Prompt> Under this line are the records; repeat exactly the lines starting at the one containing "Toledo Walleye x" and ending at the one containing "BOYS quarter zip sweater", omitting pictures.

Data for processing>
—————

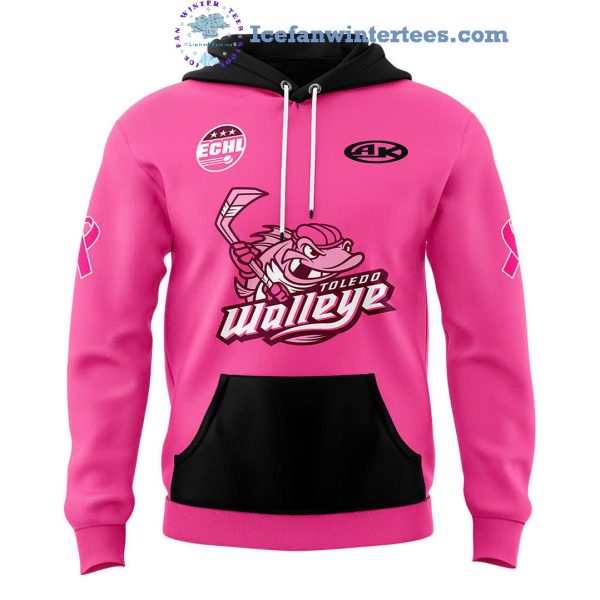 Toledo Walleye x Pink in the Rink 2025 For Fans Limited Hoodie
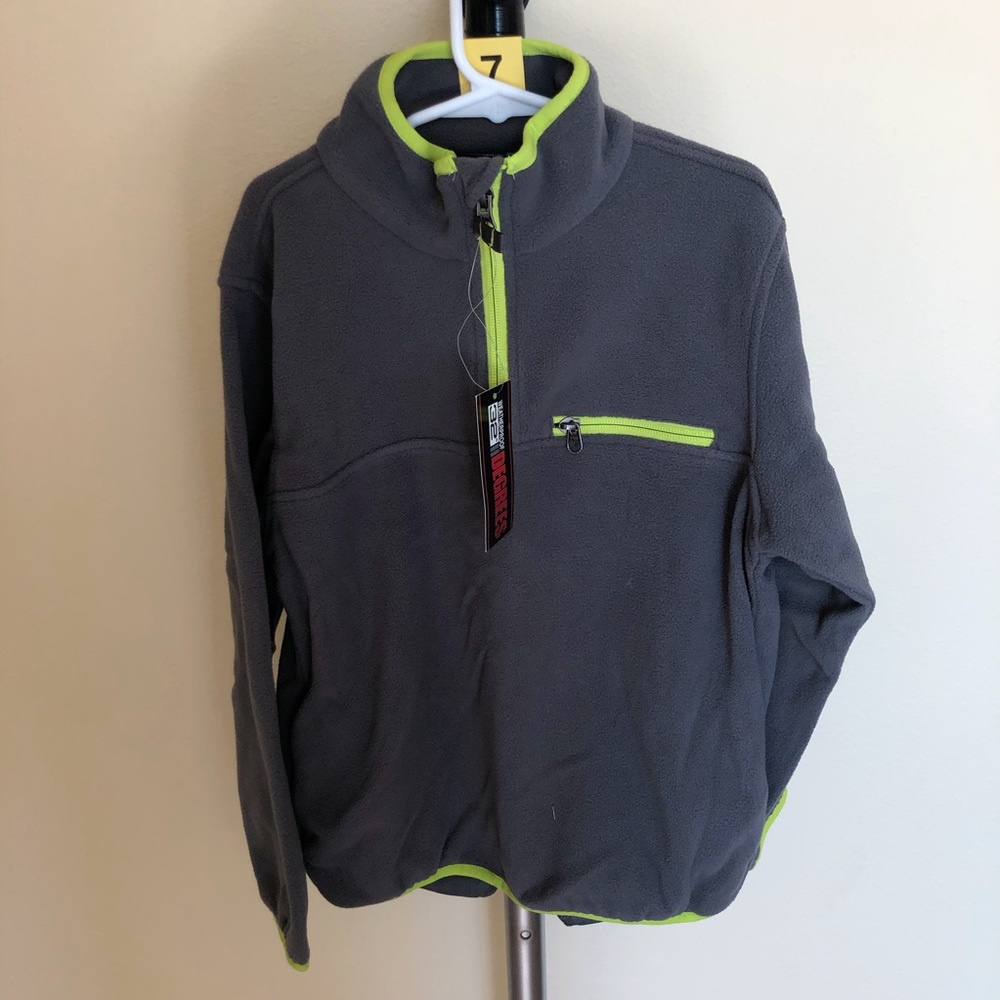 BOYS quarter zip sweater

—————

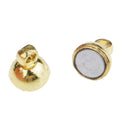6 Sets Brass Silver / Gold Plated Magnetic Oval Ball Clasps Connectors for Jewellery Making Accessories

—————

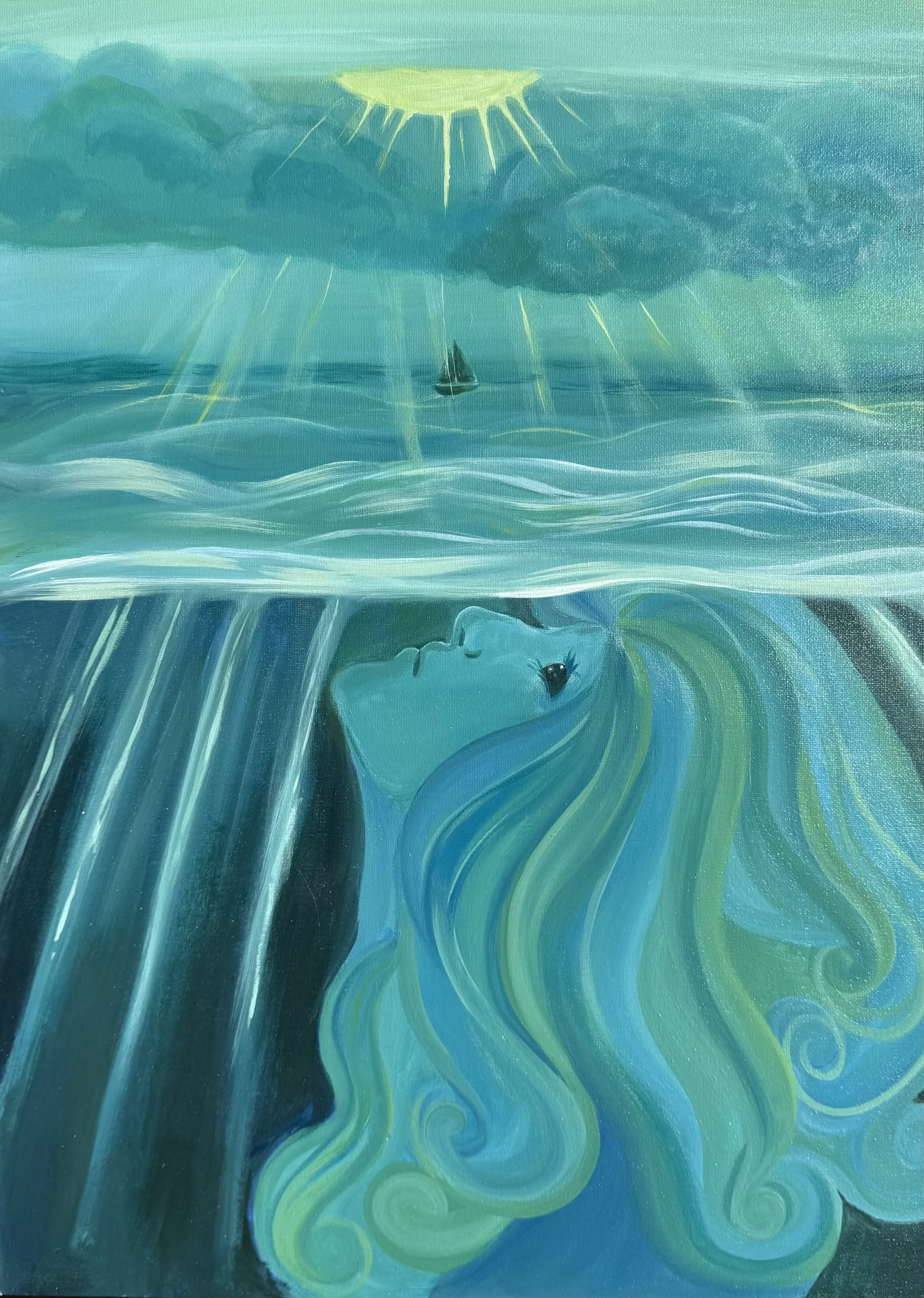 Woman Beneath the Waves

—————

Solution to the problem>
 Toledo Walleye x Pink in the Rink 2025 For Fans Limited Hoodie
 BOYS quarter zip sweater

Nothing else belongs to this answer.